The adventure begins in Seattle (after a somewhat sleepless flight) with the NACTO (National Association of City Transport Officials) Designing Cities conference. With over 800 participants, I was expecting everything to be super-sized in comparison to IPENZ Transportation Group conference... I wasn't disappointed on that front, but was also pleasantly surprised with a gentle kick-off. Before the opening plenary I attended a workshop on the new Global Street Design Guide, led by Skye Duncan (a kiwi currently on loan to New York) with three case study presenters - including Kerry Gallagher from Sydney and Ludo Campbell-Reid from Auckland. Plus, the design exercises were scaled in metric units. Although I did manage to draw a couple of bikes on the wrong (i.e. not right) side of the road.
I've had a few geeky engineer fan moments - like being "this close" to Jeanette Sadik-Kahn, actually meeting Roger Geller and happening to sit next to a certain Luciano Rabito, who it turns out managed the new MassDoT guide, which I'd wanted to find out more about and later heard Roger Geller acclaiming it as the best manual for planning and designing separated bike facilities. It's actually pretty exciting putting faces and stories to the names of the people whose reports and manuals I've been studying on the other side of the world.
I tailored my workshop, walkshop and break-out session choices to suit my study focus of mitigating conflict between motor vehicles and people on bikes at signalised intersections with protected bike lanes. Super-size and left/right confusions aside, my general feeling so far is that the challenges faced in North America are very similar to what we're grappling with in New Zealand. There's definitely no silver-bullet for this one - having seen many examples and heard it from others, I'm even more convinced about the necessity for site-specific treatments - but there are a lot of useful tips to be learned (often from those who've made the mistakes already).
Some more general takeaways (the healthy kind) I'd like to share at this point came from a "goldfish bowl" session (i.e. the panel was in a circle surrounded by attendees) entitled "Engineers: Your City's Problem Solvers". The panel was asked "what advice would you give yourself as a young engineer?". Here's my summary of their responses:
- Don't design in a bubble. Know why you're doing what the book tells you to do. Talk to the people who live in the location you're designing for.

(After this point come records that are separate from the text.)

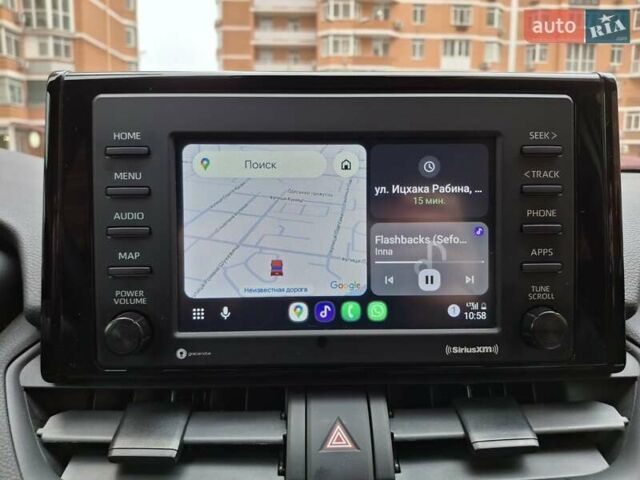 Червоний Тойота РАВ 4, об'ємом двигуна 2.49 л та пробігом 92 тис. км за 30800 $, фото 32 на Automoto.ua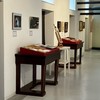 The Exhibition "Bulgaria and Mosaics" was Presented on the 13. Contemporary Mosaic Festival in Nazano, Italy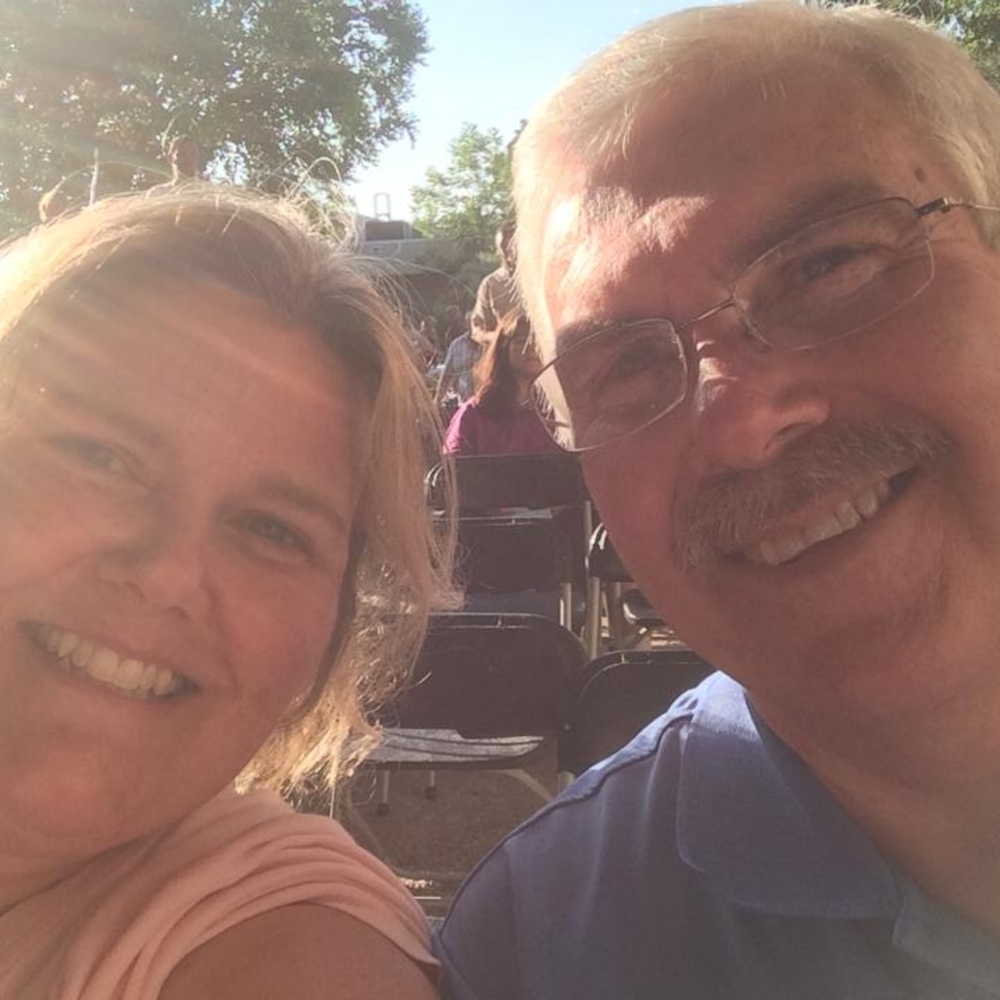 Meet your Posher, Sam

- Empathise. Understand what people (end-users, clients and colleagues) really want. Work on networking and inter-personal skills to empathise with the people you work with.
- Go the extra mile to make sure your proposal is water-tight under all scrutiny.

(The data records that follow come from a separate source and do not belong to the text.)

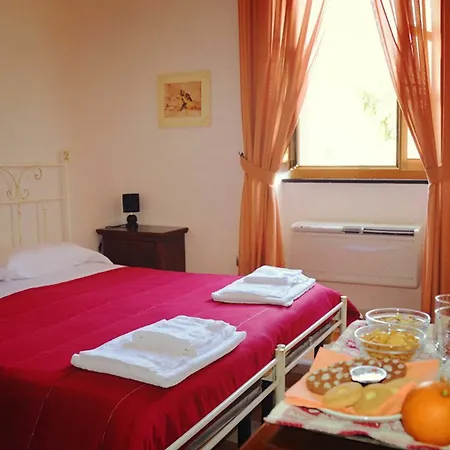 Maria Pia بيت ضيافة 3*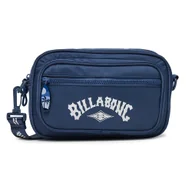 Torebki damskie - BILLABONG BLB-M-001-07 Granatowy - miniaturka - grafika 1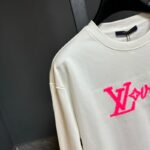 Sweatshirt Louis Vuitton LV095 - Image 4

- Get internal support within your agency. Get your "great" ideas properly vetted. Make sure you have the support of your supervisor before you take your project to the client / public / elected officials.
- Know the rules... so you know how and when to break them later on.
- Get involved. Join that committee. Submit comments on documents / proposals.
Some very pertinent advice for me as I continue on this tour.